Grotta Di Monte Cucco, 1969—1970

D. M. Judson.

1969: A party of 20 cavers, gathered from many parts of England and Wales under the leadership of our member David Judson, descended the Grotta di Monte Cucco, (province of Perugia, Central Apennines, Italy), in July and August 1969. Their objectives were to explore further the Grotta di Monte Cucco, both in depth and laterally, and to survey and photograph.

The entrance is at an altitude of 1,390 metres, near the summit of the Monte Cucco (1,566m.), almost in the centre of its precipitous East face. The seventy feet deep inclined entrance shaft has a very sturdy fixed iron ladder. Two initial large high galleries have been operated as a sort of show cave for many years, small parties of visitors being shown round by local guides with long paraffin wax flares.

An Italian party, of the Gruppo Speleologico di Perugia, Club Alpino Italiano. (GSP-CAI), had reached an apparently terminal mud and boulder choke in May after descending a gruelling series of pitches following in close succession: 178m (585 ft.) ‘Gitmo’; 130m (405 ft.) ‘P-X’; and 110m (360 ft.) ‘Pozzi Miliani’. They had reached a depth of minus 807 metres, (2,650 ft.); possibly the deepest in Italy. Two parties from the British Expedition reached the bottom, five men in all, but found it to be a hopelessly muddy region, with very limited prospects for further exploration.

During the last few days of the Expedition a completely new series of passages was entered from the Saracco Hall, at minus 600 feet. An enormous cavern, rather larger than Gaping Gill Main Chamber, was entered, and another series of pitches discovered. “Expedition 1970 to the Grotto di Monte Cucco” has been formed to follow up these explorations, and to make a survey of the whole system so that the different vertical sections of the system can be related on plan.

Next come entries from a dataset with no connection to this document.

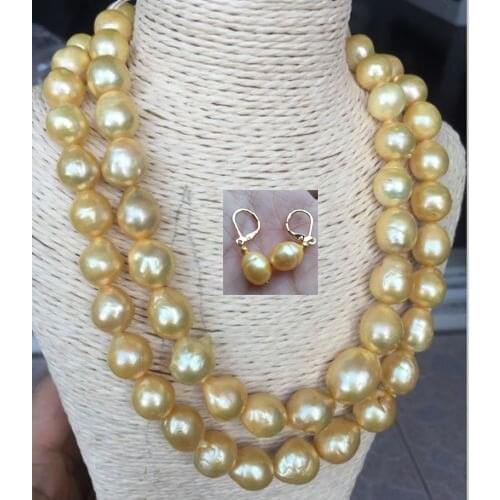 Gorgeous 13-14mm south sea gold pearl necklace earring 38inch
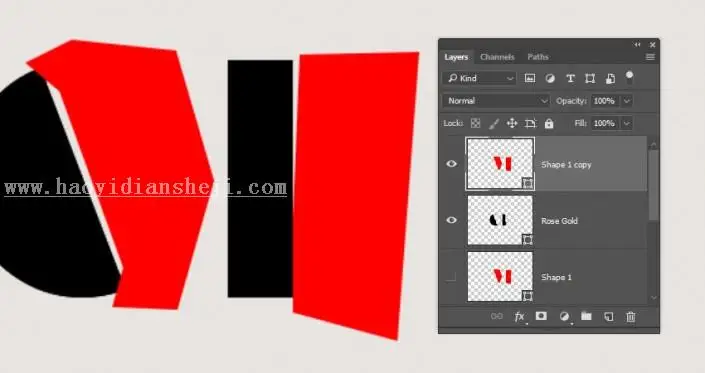 3D功能，通过PS中的3D功能设计大理石玫瑰材质的文字_www.haoyidiansheji.com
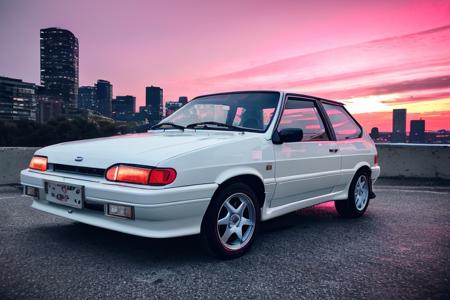 A {white|black|red|blue|pink) car is parked by the road :: pink sunset and city in the background :: 1980 :: Luxyry style :: Hyperdetailed : Ultra realistic :: cinematic :: Neon lighting :: Unreal engine :: RTX --ar 2:3, (VAZ2113),  <lora:VAZ2113:0.8>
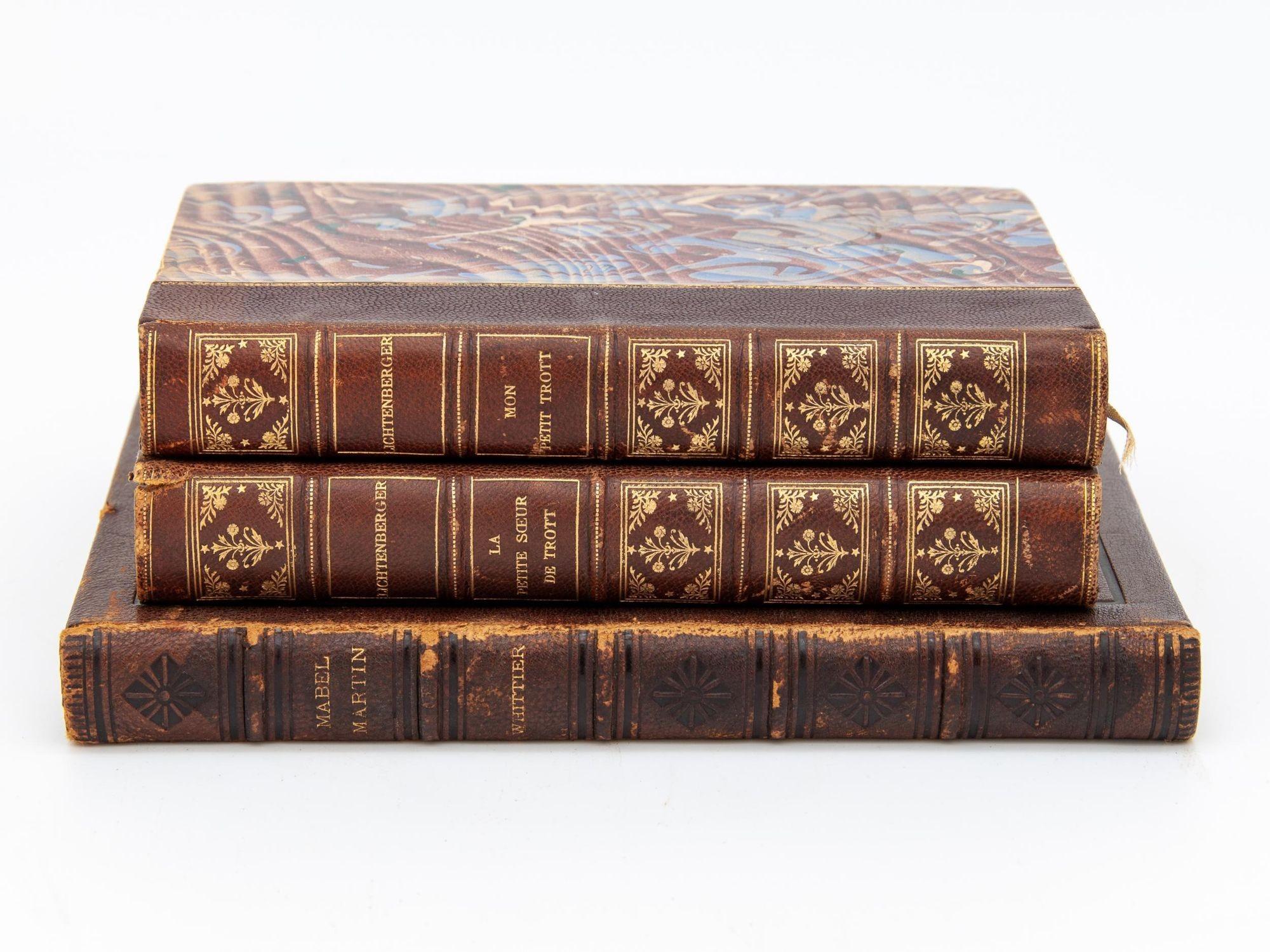 Ensemble de trois livres vintage reliés en cuir. La paire la plus petite est l'édition française de 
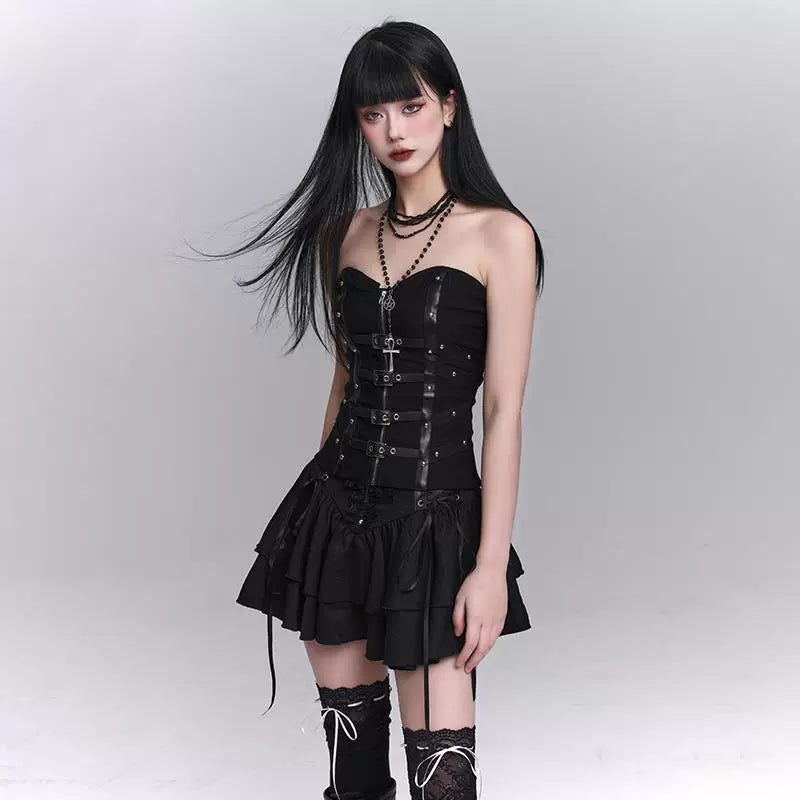 Black Tube Top for Women – Cropped Fitted Strapless Top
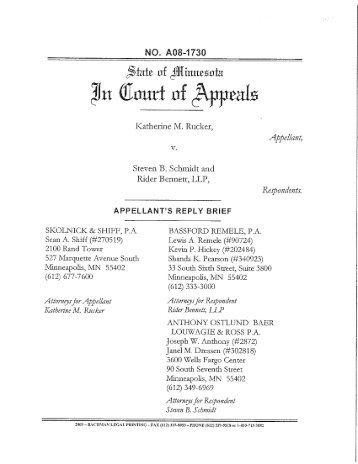 appellant's reply brief - Minnesota.gov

Close liasion has been maintained with the GSP-CAI throughout, and an extremely valuable working relationship developed with some of their members.

1970: July—August; again a team of twenty, under the leadership of David Judson, with a strong Y.R.C. contingent; John Middleton, Glyn Edwards and Bill Woodward.
 
Despite an extended ten man Italian camp in the lower regions of the 1969 British discovery during April—May 1970, parties are still able to make considerable new ground. There was evidence of an Italian descent of the Wet Pitch as far as — 280 ft., Middleton and Edwards pushed on down a narrow rift to — 330 ft. Beyond the water disappeared down an impenetrable fissure. The ‘enormous cavern’ discovered in 1969, called Salone di Luna because of the likeness of its floorscape to the surface of the Moon, yielded no more, but gave rise to some dramatic photography.

The Fault Passage, beyond the top of the Wet Pitch was explored exhaustively and produced about 1 Km. of very interesting new passage. The whole system, old and new, with the exception of the deep shafts below Salone Saracco, was surveyed to CRG grade 5c. It is hoped that the finished product will appear shortly in the 1970 CPC Journal, together with a more detailed account of the Expedition.